End-to-end vs GPyTorch
Fit + predict on synthetic y = sin(x) 1-D data:
Config |
LightGP CPU |
LightGP Metal |
GPyTorch CPU |
GPyTorch MPS |
best ratio |
|---|---|---|---|---|---|
Exact RBF, N=2048, D=4 |
23.6 ms |
195 ms |
89 ms |
(gap*) |
3.8× faster |
Exact Matérn-5/2, N=2048, D=4 |
42 ms |
191 ms |
106 ms |
(gap*) |
2.5× faster |
Sparse RBF, N=10000, M=200 |
18.5 ms |
42 ms |
42 ms |
69 ms |
2.3× faster |
Sparse RBF, N=50000, M=200 |
97.4 ms |
156 ms |
196 ms |
98 ms |
2.0× faster vs CPU; on par with MPS |
Matrix-free \(K\mathbf v\), N=20000 |
n/a |
22 ms |
n/a |
(no equiv) |
32× over explicit |
*GPyTorch MPS missing op for exact-GP variance — falls back to CPU.
LightGP CPU is faster than GPyTorch CPU across the measured exact and small-to-mid sparse configurations — same Accelerate underneath, less Python dispatch overhead. The matrix-free \(K\mathbf v\) path has no GPyTorch-on-MPS equivalent.
Component micro-benchmarks
Cholesky factorization at increasing N, fp32:
N |
LightGP CPU (Accelerate) |
LightGP Metal |
|---|---|---|
1024 |
0.84 ms |
12.0 ms |
2048 |
4.6 ms |
26.0 ms |
4096 |
41.5 ms |
88.0 ms |
Apple’s AMX matrix coprocessor wins the dense Cholesky regime on Apple
Silicon.
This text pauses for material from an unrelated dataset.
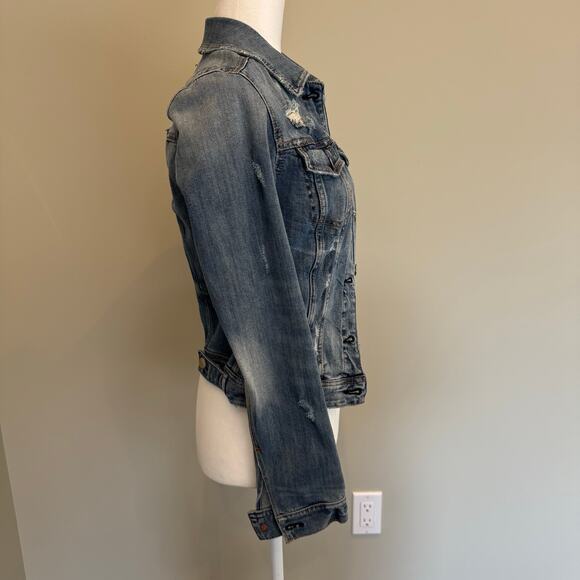 American Eagle Denim Jacket Size Medium Distressed Jean Jacket - Picture 3 of 13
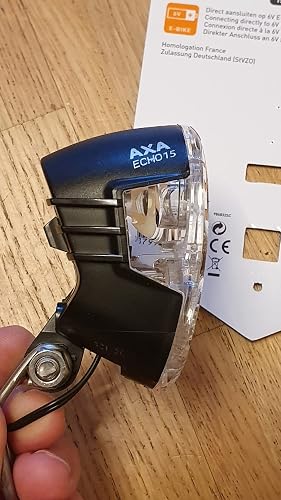 Phare Dynamo AXA Echo 15 Switch – 15 Lux, Réflecteur Intégré, StVZO, Visible à 2250 M, Sans Pile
This is a hardware result, not a software gap — Metal’s
integrated GPU has lower fp32 throughput than CPU+AMX at moderate N.
For dense Cholesky on Apple Silicon, Backend.Auto correctly picks
Backend.CPU.
Matrix-free RBF kernel-vector product on Metal vs explicit
materialization through Accelerate sgemm:
N |
Explicit (form K, then matmul) |
Matrix-free (Metal) |
Memory: explicit / free |
|---|---|---|---|
5,000 |
41.7 ms |
4 ms |
100 MB / 80 KB |
10,000 |
194 ms |
9 ms |
400 MB / 160 KB |
20,000 |
707 ms |
22 ms |
1.6 GB / 320 KB |
The ~32× speedup at N=20k is bandwidth-bound: explicit forms the
1.6 GB kernel matrix and streams it through sgemm once;
matrix-free fuses kernel construction and matvec into a single Metal
shader pass.
Reproducing the numbers
The C++ benchmark binaries live in benchmarks/ and emit JSON-per-line:
./build.sh
./build/bench_paper > paper_results.json # ~2 min full sweep
./build/bench_ski > ski_results.json # SKI specifically
./build/bench_matvec > matvec_results.json # matrix-free Kv
The Python comparison against GPyTorch:
source .venv/bin/activate
pip install torch gpytorch
python3 benchmarks/bench_gpytorch.py > gpytorch_results.json
Both sides use identical input shapes and the same fp32 dtype, so the
numbers join cleanly on (method, N, M, D).